Her next chapter contrasts two very different cases where Asian Americans were prosecuted for intimate contact with white women. In the case of Fortunato Annunciato, a Philippine American yo-yo expert accused of touching a white teenager in 1930s Atlanta, his trial took place amid a wave of Southern paranoia about rape of white women. Two decades later, Han Say Naim, a Chinese sailor in Virginia, married a white woman, Ruby Lamberth, a marriage the courts refused to recognize. The final chapters cover recent decades, after the Civil Rights Movement and the 1965 immigration law.
Hinnershitz deserves praise for unearthing these different stories of discrimination and the Asian Americans who opposed it, in some cases displaying great courage. The chief difficulty of her book is her tendency to oversell her conclusions. In her opening pages, (pp. 3) she declares, “Similar to African Americans, Chinese Americans, Filipino Americans, Japanese Americans, and later Vietnamese Americans and Indian Americans faced legal and social discrimination under Jim Crow and its aftereffects. Like African Americans, they often used the courts and advocacy organizations to fight for justice(.)” Well, no they didn’t, not really. Southern African Americans faced systemic legal exclusion from public institutions, a system maintained not only by all-white juries and courts but by lynching and other acts of terrorism. Despite episodes of prejudice, Asian Americans in the South managed to operate businesses with white clientele. Asian students attended public and private universities. Asian Americans with birthright citizenship were not blocked from voting. In the cosmopolitan cities things were even more open. In New Orleans, the Nisei Hinata sisters taught in white public schools in the 1930s. Hinnershitz fails to discuss the most glaring episode of anti-Asian discrimination, in the form of the movement in Louisiana during 1945 to prevent Japanese Americans from in the War Relocation Authority camps from resettling in the state.

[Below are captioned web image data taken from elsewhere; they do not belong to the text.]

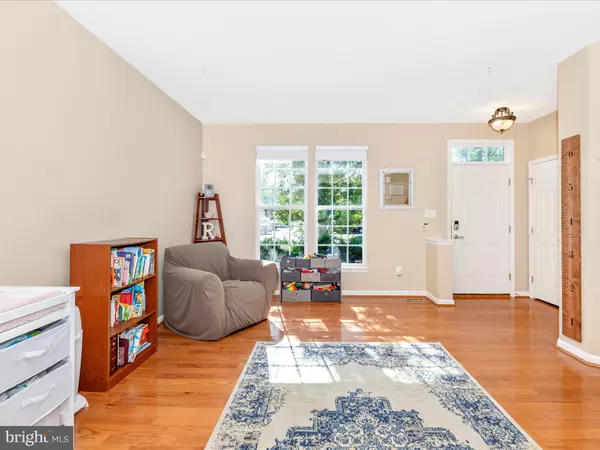 Brunswick, MD 21758,143 FIONA WAY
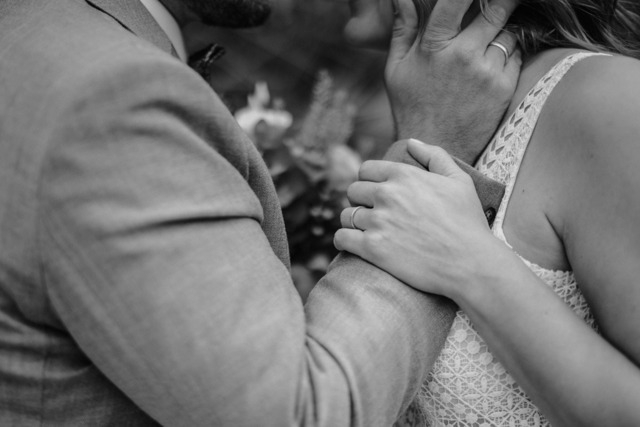 L_D23-56 | monikazell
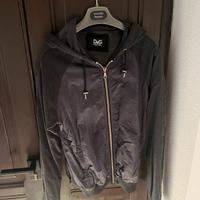 Giacca Dolce & Gabbana grigia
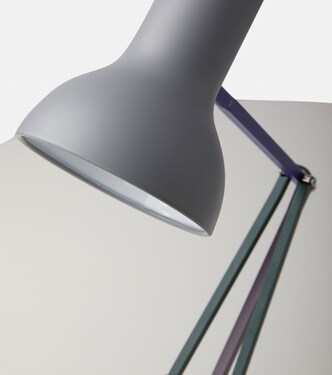 Type 75 Paul Smith Edition 2 Mini desk lamp, EU plug | Anglepoise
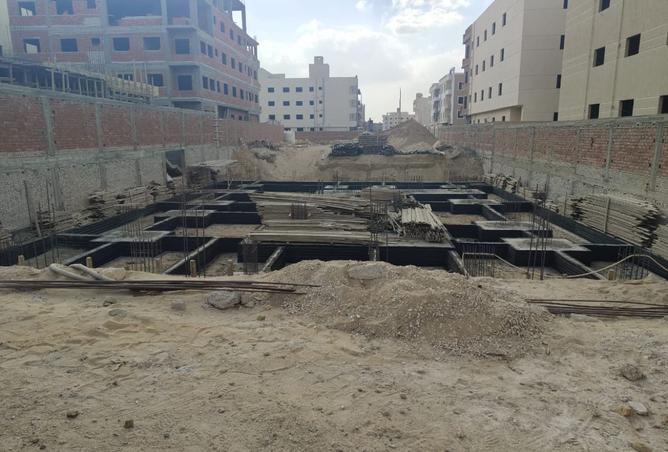 8214644 - Property Image 3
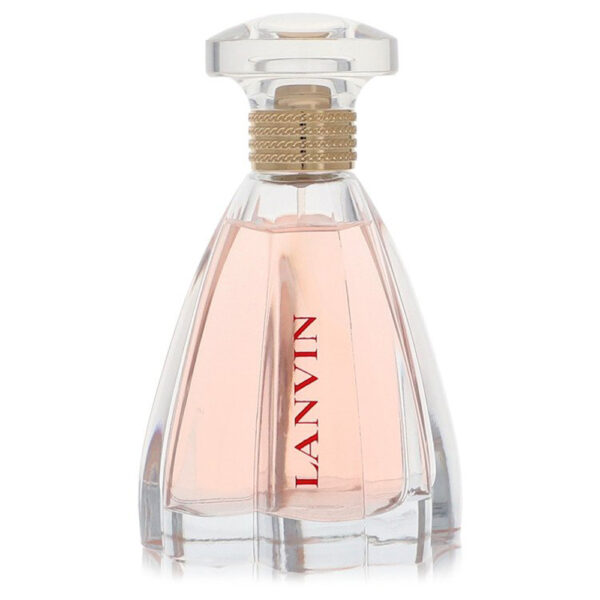 Lanvin Modern Princess Eau de Parfum for Women – 3 oz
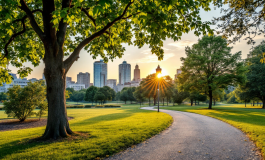 Ragazze denunciate per maltrattamento di animali a Bari
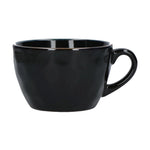 Rose & Tulipani Breakfast Cup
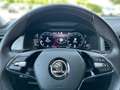 Skoda Kodiaq 2.0 TSI 4x4 Style *AHK*MATRIX*NAVI* Blanc - thumbnail 11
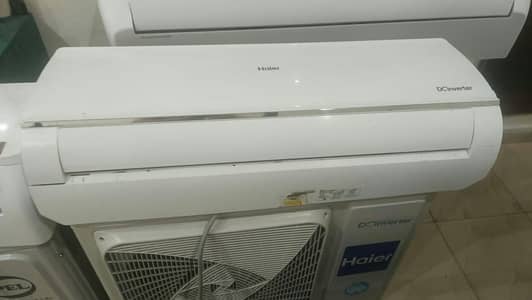 DC inverter for sale jenmon. .  03045415182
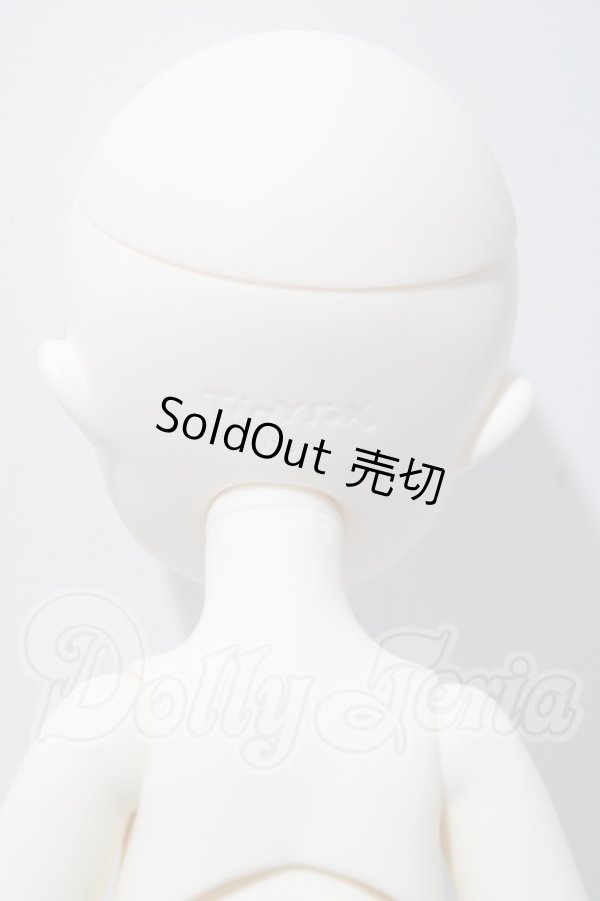 画像4: TinyFox/悪魔と天使の混血子羊 アスモティ A-26-03-18-1042-TN-ZU (4)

Meanwhile, Hinnershitz goes too far when she says that cases brought by Asian Americans “paralleled, and in some cases anticipated, the landmark African American civil rights cases of the twentieth century.” (pp. 20). There is little evidence that African Americans were inspired or aided by such legal efforts. To her credit, Hinnershitz notes (pp. 21) that Asian Americans attempted to distance themselves from “blacks” or “coloreds,” knowing the repercussions of being identified as either in the South. Yet in explaining the white paranoia over interracial rape that surrounded the 1932 Fortunato Annunciato case, Hinnershitz unaccountably fails to mention the influential case of the Scottsboro Boys, who had been arrested just months before for allegedly raping two white women.
Despite its flaws, Hinnershitz’s work enriches our understanding of the place of Asian Americans in Southern life. It deserves to be read by a broad range of scholars and policymakers.